C. William Langsfeld. Counterpoint, $27 (256p) ISBN 978-1-64009-723-0

In Langsfeld’s elegiac debut, a lifetime of abuse and emotional neglect drives Tom Horak to kill his former childhood friend, Rust Hawkins. After the murder, Tom retreats from his small Colorado town to a cabin in the Rocky Mountains, where he endures a harsh winter with nothing but memories of his painful past and the moose meat he manages to hunt.
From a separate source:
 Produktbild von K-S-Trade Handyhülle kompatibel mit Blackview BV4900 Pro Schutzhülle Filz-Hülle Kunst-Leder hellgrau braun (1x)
Tom grew up in a house dominated by his alcoholic father, whose explosive rage and rigid ideas of masculinity prevented him from expressing his love in a healthy way. As a young adult, Tom entered a passionate, on-off relationship with the free-spirited Rose, who eventually married Rust and had his son, Gus, widening the divide between the two friends. Following Rust’s death, Gus, long abandoned by Rose, is taken in by Morris Green, a lonely Lutheran pastor grappling with his own existential doubts. Meanwhile, peace officer Marshal Tomlinson reluctantly pursues Tom, aware that the trauma of his childhood makes any hope of justice or closure an illusion. Like the novels of Tom Franklin and Willy Vlautin, Langsfeld’s meditative noir sanctifies lives steeped in pain and regret, yet still lit by the faint possibility of a brighter tomorrow. It’s an auspicious first outing. (Feb.)